Charcoal Ropa Vieja
Introduction to Ropa Vieja
Ropa Vieja is a classic dish originating from the Canary Islands and perfected in Cuban kitchens. Its name, "Old Clothes," comes from the dish's appearance, resembling tattered garments due to its shredded beef. Traditionally, Ropa Vieja is a flavorful blend of shredded beef, vegetables, and savory spices, creating a unique tapestry of taste. Using charcoal to enhance this recipe adds a smoky depth that modern enthusiasts appreciate.
Ingredients
- 2 pounds of flank steak
- 3 tablespoons olive oil
- 1 large onion, sliced
- 1 red bell pepper, sliced
- 1 green bell pepper, sliced
- 2 tablespoons tomato paste
- 4 cloves garlic, minced
- 2 cups crushed tomatoes
- 1 cup beef broth
- 1/3 cup white wine vinegar
- 2 bay leaves
- 1 teaspoon dried oregano
- 1 teaspoon ground cumin
- 1 teaspoon smoked paprika
- Salt and pepper to taste
Preparation
Preparing the Beef
Start by seasoning the flank steak with salt and pepper. Use a sharp knife to score the surface lightly. This step allows the seasoning to penetrate and showcases the shredded texture that defines Ropa Vieja.
Grilling on Charcoal
Light your charcoal grill and allow it to heat up until the charcoal is white-hot and covered with ash. Place the flank steak on the grill and sear each side for about 3-4 minutes to develop a crust while absorbing smoky flavors. This stage introduces a beautiful, smoky dimension to the dish.
Cooking Process
Step 1: Sauté the Vegetables
Heat olive oil in a large pot over medium heat. Add onions, bell peppers, and garlic. Sauté until the onions are translucent and the peppers are softened.
Step 2: Simmer the Sauce
Add tomato paste to the pot and stir for about 2 minutes. Pour in crushed tomatoes, beef broth, and white wine vinegar. Stir the mixture and let it simmer, allowing the flavors to meld together beautifully.
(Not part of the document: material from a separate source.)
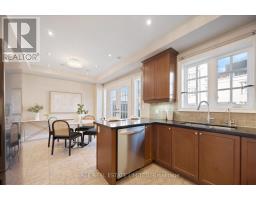 Family room - 19 Roseberry Road, Markham, ON L6G0C3 Photo 11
Step 3: Add the Flank Steak
Place the grilled flank steak into the pot. Add the bay leaves, oregano, cumin, and smoked paprika. Add more salt and pepper to taste. Cover the pot and reduce the heat to low. Allow it to cook slowly for approximately 2-3 hours, or until the beef is tender enough to be pulled apart effortlessly. Remember to keep a cooking timer handy to ensure perfect timing.
Shredding the Beef
Once cooked, remove the flank steak from the pot. Use two forks to shred the beef into fine, long pieces, mimicking the dish's signature appearance. Return the shredded beef to the pot, stirring it into the sauce thoroughly.
Serving and Enjoyment
Serve your Charcoal Ropa Vieja over a bed of steaming rice or alongside fresh bread. It pairs perfectly with a side salad or your choice of vegetables. Relish each savory bite, as the beef's smoky flavor, with vibrant vegetables and aromatic spices, brings a taste of Cuba to your table.